* **Goal of the exercise**:
Beneath this instruction is a block of data; output from it exactly the lines that run from the one containing "Thumbnail: 2020 Mercedes-Benz C-Class - 17" through the one containing "5th image of 3914 Liberty Heights Ave #B", inclusive.

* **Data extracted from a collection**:
------

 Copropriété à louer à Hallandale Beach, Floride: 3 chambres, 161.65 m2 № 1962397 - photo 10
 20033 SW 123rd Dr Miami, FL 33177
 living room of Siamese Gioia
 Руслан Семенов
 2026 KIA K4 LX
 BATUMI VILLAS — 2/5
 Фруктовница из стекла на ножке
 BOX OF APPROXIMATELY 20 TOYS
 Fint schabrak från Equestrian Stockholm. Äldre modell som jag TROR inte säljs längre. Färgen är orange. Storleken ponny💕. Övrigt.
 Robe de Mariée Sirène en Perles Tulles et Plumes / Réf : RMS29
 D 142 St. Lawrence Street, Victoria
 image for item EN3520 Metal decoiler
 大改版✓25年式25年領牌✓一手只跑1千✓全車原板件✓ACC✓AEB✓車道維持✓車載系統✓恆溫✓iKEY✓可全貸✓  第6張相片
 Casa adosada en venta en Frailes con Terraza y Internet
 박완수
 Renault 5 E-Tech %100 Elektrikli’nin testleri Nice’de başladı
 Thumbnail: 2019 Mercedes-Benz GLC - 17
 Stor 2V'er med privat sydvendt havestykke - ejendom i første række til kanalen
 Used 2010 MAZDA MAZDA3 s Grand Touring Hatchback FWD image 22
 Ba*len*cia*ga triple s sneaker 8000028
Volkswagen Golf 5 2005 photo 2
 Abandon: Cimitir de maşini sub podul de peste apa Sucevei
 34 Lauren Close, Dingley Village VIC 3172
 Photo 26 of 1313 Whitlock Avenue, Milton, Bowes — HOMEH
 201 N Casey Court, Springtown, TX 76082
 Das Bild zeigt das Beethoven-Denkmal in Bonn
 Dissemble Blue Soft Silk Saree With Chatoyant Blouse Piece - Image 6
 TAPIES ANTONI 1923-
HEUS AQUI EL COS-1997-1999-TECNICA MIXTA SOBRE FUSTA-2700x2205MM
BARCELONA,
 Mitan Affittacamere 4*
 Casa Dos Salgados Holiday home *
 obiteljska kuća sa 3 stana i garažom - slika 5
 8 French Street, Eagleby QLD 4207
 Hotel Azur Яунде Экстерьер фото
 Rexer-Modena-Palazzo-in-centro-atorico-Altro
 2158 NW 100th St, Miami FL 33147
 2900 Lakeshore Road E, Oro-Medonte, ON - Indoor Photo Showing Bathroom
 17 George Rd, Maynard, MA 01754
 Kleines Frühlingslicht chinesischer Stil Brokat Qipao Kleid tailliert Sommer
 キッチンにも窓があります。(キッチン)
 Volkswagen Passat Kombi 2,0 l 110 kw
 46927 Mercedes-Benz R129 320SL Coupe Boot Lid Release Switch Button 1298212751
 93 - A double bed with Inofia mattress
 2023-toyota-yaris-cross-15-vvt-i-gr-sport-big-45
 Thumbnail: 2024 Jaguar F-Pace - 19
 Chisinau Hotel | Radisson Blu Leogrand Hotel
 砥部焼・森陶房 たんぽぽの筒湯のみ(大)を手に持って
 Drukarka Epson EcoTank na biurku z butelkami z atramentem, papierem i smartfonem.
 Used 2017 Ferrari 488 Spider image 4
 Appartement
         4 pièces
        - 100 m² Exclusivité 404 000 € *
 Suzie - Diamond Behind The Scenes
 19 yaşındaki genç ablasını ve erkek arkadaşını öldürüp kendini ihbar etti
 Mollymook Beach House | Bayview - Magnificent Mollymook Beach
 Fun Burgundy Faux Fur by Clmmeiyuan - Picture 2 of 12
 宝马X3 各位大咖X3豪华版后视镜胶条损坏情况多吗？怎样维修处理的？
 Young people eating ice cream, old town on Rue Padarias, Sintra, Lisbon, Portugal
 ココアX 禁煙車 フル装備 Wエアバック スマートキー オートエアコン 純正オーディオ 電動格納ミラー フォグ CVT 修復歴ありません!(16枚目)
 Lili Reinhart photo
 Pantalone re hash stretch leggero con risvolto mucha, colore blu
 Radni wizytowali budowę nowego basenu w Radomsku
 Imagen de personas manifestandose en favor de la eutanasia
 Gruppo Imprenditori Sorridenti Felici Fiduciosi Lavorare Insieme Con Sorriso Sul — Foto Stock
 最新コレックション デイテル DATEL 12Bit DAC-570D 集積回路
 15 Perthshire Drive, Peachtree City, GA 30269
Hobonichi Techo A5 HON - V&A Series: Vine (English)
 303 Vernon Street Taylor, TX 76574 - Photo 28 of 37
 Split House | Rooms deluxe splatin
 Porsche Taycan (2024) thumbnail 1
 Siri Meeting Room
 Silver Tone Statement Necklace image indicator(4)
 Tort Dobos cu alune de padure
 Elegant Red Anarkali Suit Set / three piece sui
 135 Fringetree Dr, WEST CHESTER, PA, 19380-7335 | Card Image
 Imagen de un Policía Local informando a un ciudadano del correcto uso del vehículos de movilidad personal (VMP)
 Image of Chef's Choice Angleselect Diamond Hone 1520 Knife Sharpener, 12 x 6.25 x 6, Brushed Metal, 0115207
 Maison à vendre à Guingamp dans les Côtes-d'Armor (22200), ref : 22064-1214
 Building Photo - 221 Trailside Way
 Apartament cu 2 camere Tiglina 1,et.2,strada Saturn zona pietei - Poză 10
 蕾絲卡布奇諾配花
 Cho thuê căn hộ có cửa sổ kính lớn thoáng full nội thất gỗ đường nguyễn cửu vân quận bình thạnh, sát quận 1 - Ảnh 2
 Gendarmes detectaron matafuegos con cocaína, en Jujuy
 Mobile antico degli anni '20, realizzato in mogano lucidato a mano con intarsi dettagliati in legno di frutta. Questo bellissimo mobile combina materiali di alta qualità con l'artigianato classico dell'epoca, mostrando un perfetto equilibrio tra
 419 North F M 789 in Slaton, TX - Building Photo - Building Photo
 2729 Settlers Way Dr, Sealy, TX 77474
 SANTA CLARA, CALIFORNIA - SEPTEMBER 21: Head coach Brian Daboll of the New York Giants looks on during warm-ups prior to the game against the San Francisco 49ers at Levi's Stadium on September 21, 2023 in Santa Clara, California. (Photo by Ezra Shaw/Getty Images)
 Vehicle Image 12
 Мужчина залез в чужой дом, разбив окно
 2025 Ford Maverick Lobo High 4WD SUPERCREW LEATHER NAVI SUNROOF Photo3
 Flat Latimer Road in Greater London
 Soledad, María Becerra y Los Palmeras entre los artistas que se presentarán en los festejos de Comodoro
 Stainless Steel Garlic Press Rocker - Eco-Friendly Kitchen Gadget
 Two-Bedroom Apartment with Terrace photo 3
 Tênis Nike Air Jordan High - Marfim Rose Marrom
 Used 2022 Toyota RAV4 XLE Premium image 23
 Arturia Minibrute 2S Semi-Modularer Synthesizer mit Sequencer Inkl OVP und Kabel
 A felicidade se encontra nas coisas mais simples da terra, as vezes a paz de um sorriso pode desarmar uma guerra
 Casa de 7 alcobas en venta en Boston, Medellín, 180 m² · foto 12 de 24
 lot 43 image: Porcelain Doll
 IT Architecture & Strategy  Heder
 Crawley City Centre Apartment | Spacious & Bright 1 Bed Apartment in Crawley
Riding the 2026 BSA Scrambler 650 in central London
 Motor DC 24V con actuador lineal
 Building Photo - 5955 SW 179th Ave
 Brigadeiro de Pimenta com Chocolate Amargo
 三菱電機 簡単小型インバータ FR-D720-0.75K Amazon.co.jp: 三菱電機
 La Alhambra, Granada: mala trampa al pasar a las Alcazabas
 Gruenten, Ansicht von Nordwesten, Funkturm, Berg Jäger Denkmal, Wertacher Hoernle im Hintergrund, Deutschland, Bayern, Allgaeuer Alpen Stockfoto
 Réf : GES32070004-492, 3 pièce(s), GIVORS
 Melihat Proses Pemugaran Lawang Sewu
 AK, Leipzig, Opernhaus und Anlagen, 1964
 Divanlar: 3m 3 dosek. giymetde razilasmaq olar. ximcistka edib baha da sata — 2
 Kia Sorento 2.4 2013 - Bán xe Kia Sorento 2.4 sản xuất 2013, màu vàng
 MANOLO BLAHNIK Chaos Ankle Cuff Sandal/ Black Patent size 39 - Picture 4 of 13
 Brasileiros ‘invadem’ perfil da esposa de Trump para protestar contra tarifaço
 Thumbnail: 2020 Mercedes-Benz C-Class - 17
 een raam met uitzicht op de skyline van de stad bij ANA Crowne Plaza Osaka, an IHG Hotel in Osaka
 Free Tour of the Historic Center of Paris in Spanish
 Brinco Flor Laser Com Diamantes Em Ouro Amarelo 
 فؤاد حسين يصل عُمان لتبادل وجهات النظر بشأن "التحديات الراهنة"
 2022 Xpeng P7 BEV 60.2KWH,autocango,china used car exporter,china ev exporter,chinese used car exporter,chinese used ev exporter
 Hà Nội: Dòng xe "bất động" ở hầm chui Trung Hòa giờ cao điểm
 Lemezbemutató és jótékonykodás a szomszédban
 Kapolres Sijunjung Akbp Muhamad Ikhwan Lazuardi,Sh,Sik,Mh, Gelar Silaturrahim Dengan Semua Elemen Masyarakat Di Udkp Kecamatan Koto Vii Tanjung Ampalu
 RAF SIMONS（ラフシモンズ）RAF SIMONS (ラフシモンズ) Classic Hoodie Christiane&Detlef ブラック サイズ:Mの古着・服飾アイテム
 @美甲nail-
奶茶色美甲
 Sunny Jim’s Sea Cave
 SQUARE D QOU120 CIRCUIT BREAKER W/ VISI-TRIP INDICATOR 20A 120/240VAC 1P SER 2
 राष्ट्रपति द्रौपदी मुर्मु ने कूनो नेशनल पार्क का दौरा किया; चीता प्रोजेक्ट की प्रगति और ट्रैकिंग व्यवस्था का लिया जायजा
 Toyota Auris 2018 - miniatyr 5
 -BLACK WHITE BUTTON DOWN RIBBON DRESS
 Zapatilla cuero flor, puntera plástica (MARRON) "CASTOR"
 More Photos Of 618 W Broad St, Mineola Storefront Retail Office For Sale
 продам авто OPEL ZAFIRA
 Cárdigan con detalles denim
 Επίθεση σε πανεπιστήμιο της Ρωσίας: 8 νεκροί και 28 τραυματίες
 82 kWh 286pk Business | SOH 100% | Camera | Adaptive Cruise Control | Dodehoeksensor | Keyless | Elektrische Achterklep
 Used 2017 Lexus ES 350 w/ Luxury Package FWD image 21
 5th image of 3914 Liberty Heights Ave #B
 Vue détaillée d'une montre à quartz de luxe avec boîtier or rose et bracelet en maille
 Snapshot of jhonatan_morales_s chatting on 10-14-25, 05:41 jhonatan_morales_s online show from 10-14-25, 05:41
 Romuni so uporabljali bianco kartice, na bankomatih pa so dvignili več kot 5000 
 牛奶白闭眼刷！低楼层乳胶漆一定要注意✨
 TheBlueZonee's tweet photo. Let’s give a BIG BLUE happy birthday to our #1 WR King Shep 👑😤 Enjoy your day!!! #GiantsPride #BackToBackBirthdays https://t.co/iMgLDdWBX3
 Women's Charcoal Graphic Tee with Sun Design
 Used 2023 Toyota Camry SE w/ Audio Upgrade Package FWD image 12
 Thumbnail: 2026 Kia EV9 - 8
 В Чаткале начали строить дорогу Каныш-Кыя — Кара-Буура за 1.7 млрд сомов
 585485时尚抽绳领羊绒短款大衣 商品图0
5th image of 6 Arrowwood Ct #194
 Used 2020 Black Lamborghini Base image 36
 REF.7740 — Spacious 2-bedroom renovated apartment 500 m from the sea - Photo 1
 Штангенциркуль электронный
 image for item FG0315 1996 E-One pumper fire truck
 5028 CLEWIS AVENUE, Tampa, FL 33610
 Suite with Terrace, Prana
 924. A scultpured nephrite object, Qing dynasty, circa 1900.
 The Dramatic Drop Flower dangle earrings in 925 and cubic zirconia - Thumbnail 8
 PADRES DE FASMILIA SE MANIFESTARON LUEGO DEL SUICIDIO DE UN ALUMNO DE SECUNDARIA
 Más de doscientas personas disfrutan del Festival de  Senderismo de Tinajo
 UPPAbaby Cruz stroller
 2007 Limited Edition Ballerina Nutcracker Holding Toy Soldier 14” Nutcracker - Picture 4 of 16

------

* **The answer**:
 Thumbnail: 2020 Mercedes-Benz C-Class - 17
 een raam met uitzicht op de skyline van de stad bij ANA Crowne Plaza Osaka, an IHG Hotel in Osaka
 Free Tour of the Historic Center of Paris in Spanish
 Brinco Flor Laser Com Diamantes Em Ouro Amarelo 
 فؤاد حسين يصل عُمان لتبادل وجهات النظر بشأن "التحديات الراهنة"
 2022 Xpeng P7 BEV 60.2KWH,autocango,china used car exporter,china ev exporter,chinese used car exporter,chinese used ev exporter
 Hà Nội: Dòng xe "bất động" ở hầm chui Trung Hòa giờ cao điểm
 Lemezbemutató és jótékonykodás a szomszédban
 Kapolres Sijunjung Akbp Muhamad Ikhwan Lazuardi,Sh,Sik,Mh, Gelar Silaturrahim Dengan Semua Elemen Masyarakat Di Udkp Kecamatan Koto Vii Tanjung Ampalu
 RAF SIMONS（ラフシモンズ）RAF SIMONS (ラフシモンズ) Classic Hoodie Christiane&Detlef ブラック サイズ:Mの古着・服飾アイテム
 @美甲nail-
奶茶色美甲
 Sunny Jim’s Sea Cave
 SQUARE D QOU120 CIRCUIT BREAKER W/ VISI-TRIP INDICATOR 20A 120/240VAC 1P SER 2
 राष्ट्रपति द्रौपदी मुर्मु ने कूनो नेशनल पार्क का दौरा किया; चीता प्रोजेक्ट की प्रगति और ट्रैकिंग व्यवस्था का लिया जायजा
 Toyota Auris 2018 - miniatyr 5
 -BLACK WHITE BUTTON DOWN RIBBON DRESS
 Zapatilla cuero flor, puntera plástica (MARRON) "CASTOR"
 More Photos Of 618 W Broad St, Mineola Storefront Retail Office For Sale
 продам авто OPEL ZAFIRA
 Cárdigan con detalles denim
 Επίθεση σε πανεπιστήμιο της Ρωσίας: 8 νεκροί και 28 τραυματίες
 82 kWh 286pk Business | SOH 100% | Camera | Adaptive Cruise Control | Dodehoeksensor | Keyless | Elektrische Achterklep
 Used 2017 Lexus ES 350 w/ Luxury Package FWD image 21
 5th image of 3914 Liberty Heights Ave #B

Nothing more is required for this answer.